WHAT THIS TASK INVOLVES — Among the entries below, only the lines from the one with "2 X HOLLISTER" through the one with "Hyundai IONIQ 5" are to be retyped, exactly and without pictures.

GIVEN RECORDS —
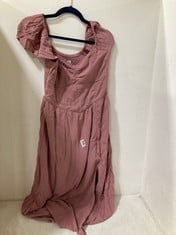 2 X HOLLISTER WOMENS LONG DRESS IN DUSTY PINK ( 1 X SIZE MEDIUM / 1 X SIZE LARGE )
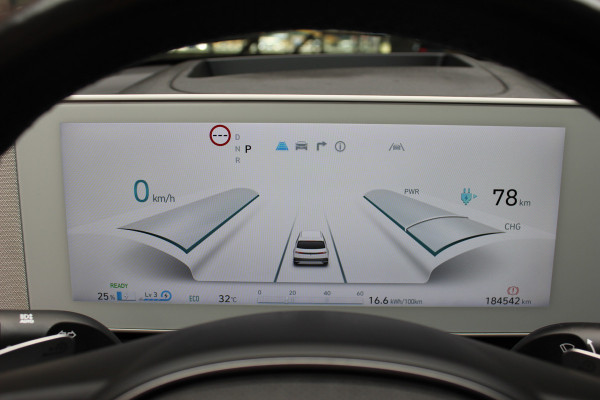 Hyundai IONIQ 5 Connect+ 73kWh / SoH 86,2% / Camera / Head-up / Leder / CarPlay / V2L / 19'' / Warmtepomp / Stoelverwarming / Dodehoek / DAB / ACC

---

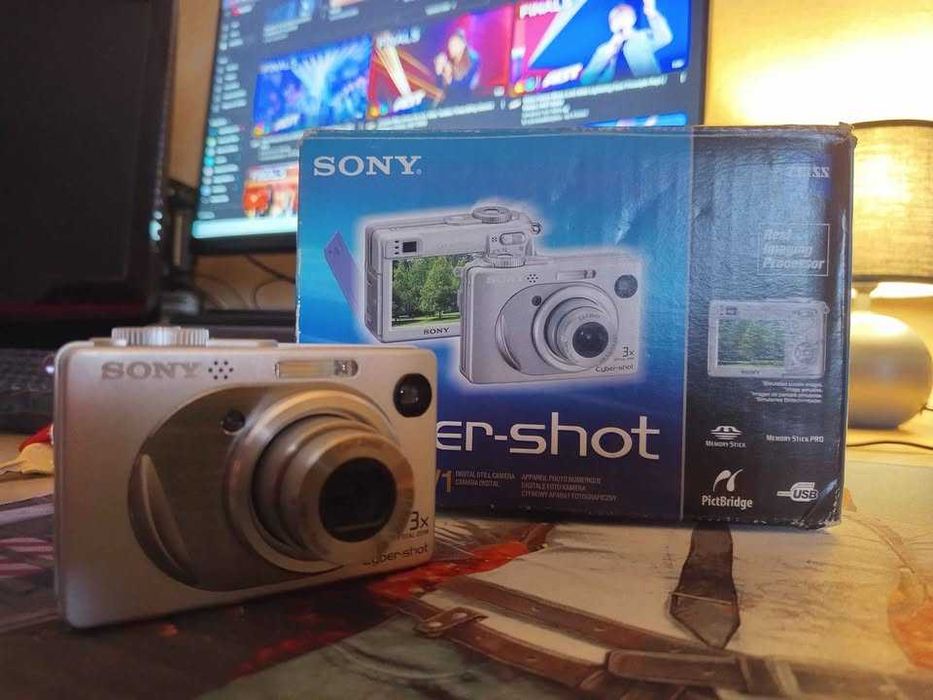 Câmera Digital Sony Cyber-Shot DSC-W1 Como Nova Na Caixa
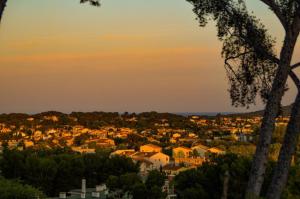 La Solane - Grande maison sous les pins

==

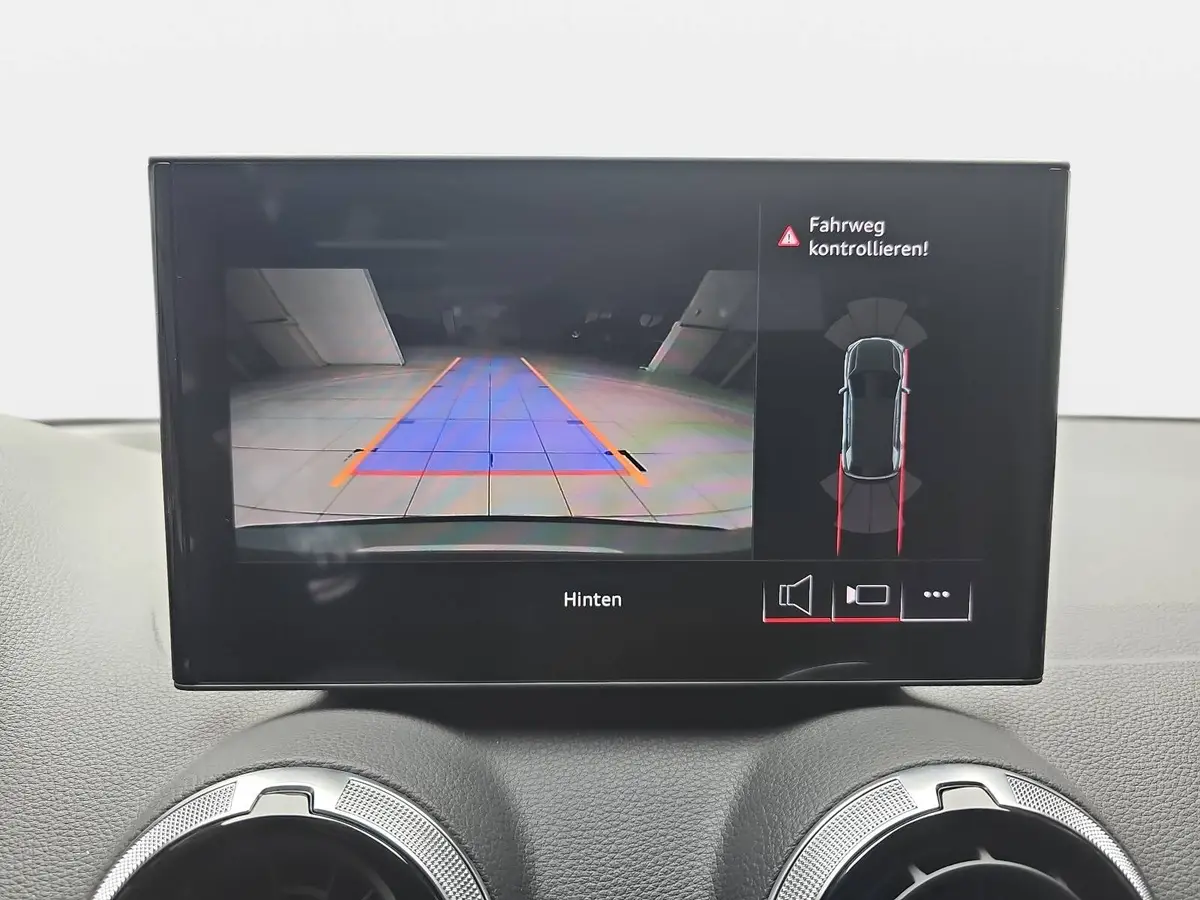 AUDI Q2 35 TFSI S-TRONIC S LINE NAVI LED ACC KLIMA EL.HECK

TASK OUTPUT —
 2 X HOLLISTER WOMENS LONG DRESS IN DUSTY PINK ( 1 X SIZE MEDIUM / 1 X SIZE LARGE )
 Hyundai IONIQ 5 Connect+ 73kWh / SoH 86,2% / Camera / Head-up / Leder / CarPlay / V2L / 19'' / Warmtepomp / Stoelverwarming / Dodehoek / DAB / ACC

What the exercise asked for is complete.